Concretamente, apoiar na formação do
seminário, trazer gente de lá para se
formar aqui. Foi então que D.Basílio
nos deu a grande orientação: "precisamos
de pessoas que animem nossos animadores
de comunidade, para que o povo se sinta
capaz"...
No
domingo, dia 27, celebramos cedo
com o bispo, que fez em tetum uma homilia
sobre a reconciliação a partir da verdade,
da justiça; o evangelho era o do vinho
novo em odres velhos. Ele falou da nossa
presença, mas não tivemos oportunidade
de falar com o povo.
Depois
da missa fomos até o porto de Com ,
em 2 carros, junto com alguns diplomatas
portugueses. Na estrada entre Baucau
e Com passamos pelo local onde foram
mortos 2 religiosas canossianas, uma
das quais era italiana, 3 diáconos,
o motorista e um jornalista indonésio:
esse massacre foi um dos últimos atos
das milicias, no dia em que a ONU ia
chegar. Notei que D.Basílio tem dificuldade
em reconhecê-los como mártires; no entanto,
Ernanne e eu lembramos de vários mártires,
reconhecidos pela Igreja, que foram
mortos por piratas e saqueadores...
Essas pessoas estavam levando comida
para o povo da região de Laga; houve
testemunhas do massacre, membros das
Falintil.
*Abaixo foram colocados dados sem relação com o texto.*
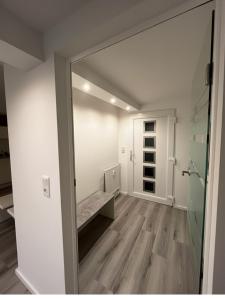 an empty room with a mirror and a hallway at Modernes Apartment nahe Frankfurt, Rodenbach & Hanau in Rodenbach
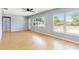 Living room with hardwood floors, light gray walls, and large windows at 1801 40Th N St, St Petersburg, FL 33713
As Falintil denunciaram o
massacre e no dia seguinte atacaram
as milícias, matando muitos. Mais tarde
os "gurkhas" (soldados ingleses
do Nepal) da ONU estiveram lá e prenderam
os demais assassinos. Esses criminosos
agora estão presos em Dili, sob a guarda
dos brasileiros. D.Basílio tinha conversado
com esses presos, que disseram que tinham
feito o massacre "para resolver
nosso problema": havia 2 rotas
de fuga do Timor Leste, por terra, pela
fronteira com Timor Oeste, ou de barco,
pelo porto de Com. Na área havia forte
presença das Falintil e os milicianos
queriam chamar a atenção da ONU, pois
estava em jogo a segurança deles e de
seus colaboradores, uma vez que tinham
sido abandonados pelo exército indonésio.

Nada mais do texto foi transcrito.